Will GDPR Kill WHOIS? (theregister.co.uk)
Slashdot reader monkeyzoo shares the Register's report on a disturbing letter sent to ICANN:
Europe's data protection authorities have effectively killed off the current service, noting that it breaks the law and so will be illegal come 25 May, when GDPR comes into force... ICANN now has a little over a month to come up with a replacement to the decades-old service that covers millions of domain names and lists the personal contact details of domain registrants, including their name, email and telephone number. ICANN has already acknowledged it has no chance of doing so... The company warns that without being granted a special temporary exemption from the law, the system will fracture. ["Registries and registrars would likely implement varying levels of access to data depending on their interpretations of the law," ICANN warns.]
"ICANN had made the concept of a moratorium the central pillar of its effort to become compliant with the law," writes the Register. "But its entire strategy was built on a fantasy."
Thursday the EU's data protection advisory group told the site that there's no provision in the GDPR for an "enforcement moratorium", and the Register adds that the EU's data protection advisory group "is clearly baffled by ICANN's repeated requests for something that doesn't exist."
"ICANN had made the concept of a moratorium the central pillar of its effort to become compliant with the law," writes the Register. "But its entire strategy was built on a fantasy."
Thursday the EU's data protection advisory group told the site that there's no provision in the GDPR for an "enforcement moratorium", and the Register adds that the EU's data protection advisory group "is clearly baffled by ICANN's repeated requests for something that doesn't exist."
Please allow me to disagree. The "free mailing list for spammers" is for data that is typically already accessible by many other means, all of which are already in use by spammers.
Also note that most domains are not legitimate. Most are owned by domain squatters. In particular, they are owned by Network Solutions, which pre-registers all unused domains that are looked up from their servers, including their "whois" services and held hostage to prevent the people who sought the domain from registering it anywhere but through Network Solutions. The practice is sometimes known as "domain frontrunning", but I would certainly qualify it as cyber squatting. Network Solutions, and the domain registrars for the more than 1000 current top level domains, can do this without paying any fees for the 4-day holding period.
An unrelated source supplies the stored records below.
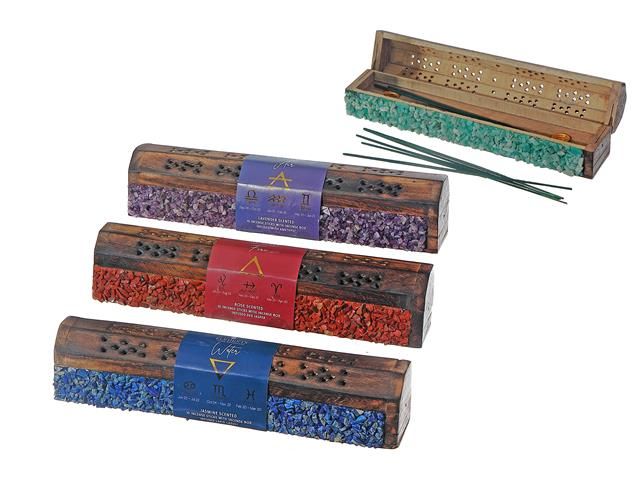 BOÎTE EN BOIS ÉLÉMENTAIRE AVEC 10 BÂTONNETS D’ENCENS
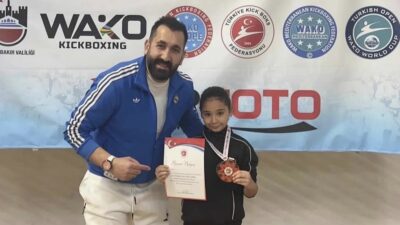 Diyarbakır’da düzenlenen Türkiye Kickboks Şampiyonası’nda Yozgatlı sporcular önemli bir başarıya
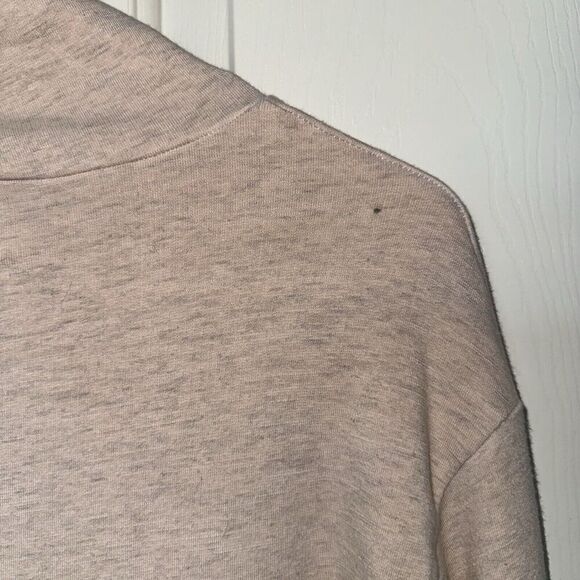 Monrow Mock Turtleneck Sweater Woman’s Size Medium Cream Oversized Pullover - Picture 7 of 7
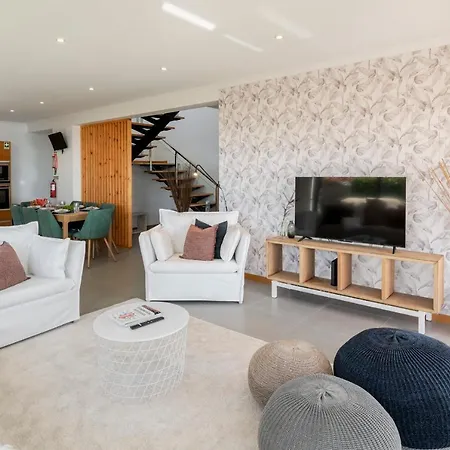 Hibiscus By An Island * Calheta (Madeira)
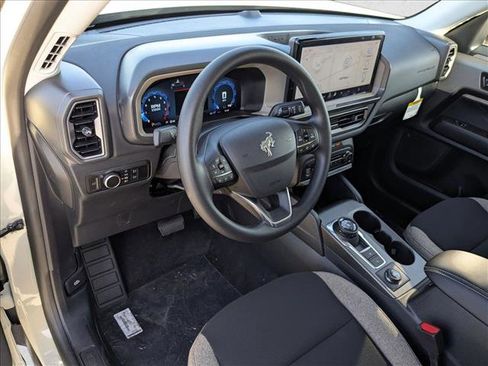 New 2025 Ford Bronco Sport Big Bend image 3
Other sources of fraudulent domains, eased by current policies, are fomain squatting for fraud. It's been useful to be forced to provide valid contact information, since a business owner can be contacted and served with a court order to cease operations, and a fraud can be reported for fraudulent contact information and get their domain canceled. It's also been useful to contact domain owners to notify them of network or service difficulties that are otherwise difficult to report: "send me email" or "go to the website" does not work when the site's DNS service has failed for any reason, or web servers are down. I've certainly used it that way and it's been invaluable to reach business partners in the middle of the night, when even their own alert system is disabled by a network issue.